### EXERCISE
A full, exact copy of the listing is needed, with images omitted.

### SOURCE DATA

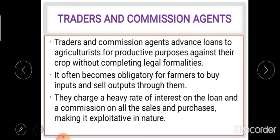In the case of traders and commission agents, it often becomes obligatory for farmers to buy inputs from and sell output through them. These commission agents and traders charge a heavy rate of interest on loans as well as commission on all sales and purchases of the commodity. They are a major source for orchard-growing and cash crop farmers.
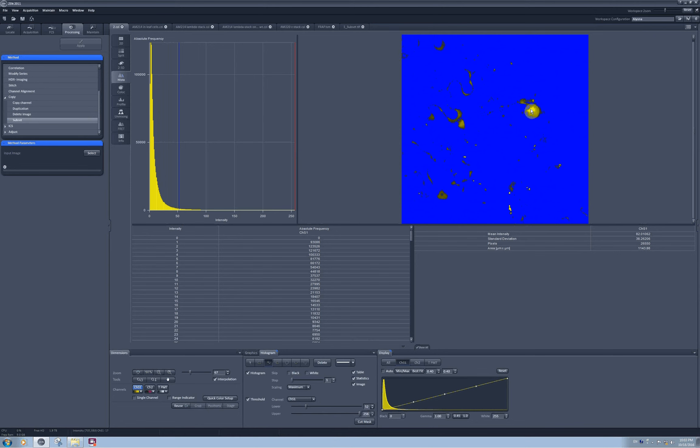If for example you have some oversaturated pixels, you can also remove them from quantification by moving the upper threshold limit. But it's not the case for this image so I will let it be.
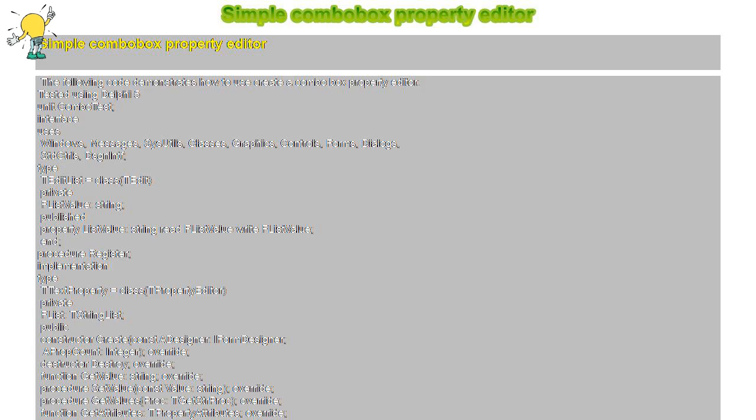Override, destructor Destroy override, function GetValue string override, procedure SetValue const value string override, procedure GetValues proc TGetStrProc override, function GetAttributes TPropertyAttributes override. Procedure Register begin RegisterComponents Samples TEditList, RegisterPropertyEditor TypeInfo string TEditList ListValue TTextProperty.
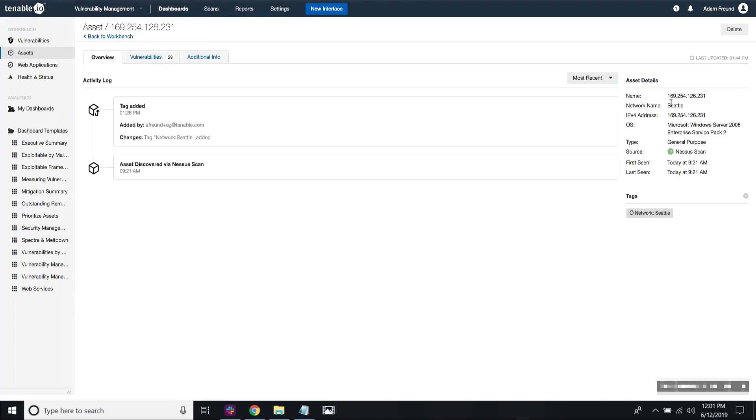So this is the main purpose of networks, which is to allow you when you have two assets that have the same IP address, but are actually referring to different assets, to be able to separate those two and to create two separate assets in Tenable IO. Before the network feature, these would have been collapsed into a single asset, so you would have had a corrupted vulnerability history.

### RESULT OF THE EXERCISE
In the case of traders and commission agents, it often becomes obligatory for farmers to buy inputs from and sell output through them. These commission agents and traders charge a heavy rate of interest on loans as well as commission on all sales and purchases of the commodity. They are a major source for orchard-growing and cash crop farmers.
If for example you have some oversaturated pixels, you can also remove them from quantification by moving the upper threshold limit. But it's not the case for this image so I will let it be.
Override, destructor Destroy override, function GetValue string override, procedure SetValue const value string override, procedure GetValues proc TGetStrProc override, function GetAttributes TPropertyAttributes override. Procedure Register begin RegisterComponents Samples TEditList, RegisterPropertyEditor TypeInfo string TEditList ListValue TTextProperty.
So this is the main purpose of networks, which is to allow you when you have two assets that have the same IP address, but are actually referring to different assets, to be able to separate those two and to create two separate assets in Tenable IO. Before the network feature, these would have been collapsed into a single asset, so you would have had a corrupted vulnerability history.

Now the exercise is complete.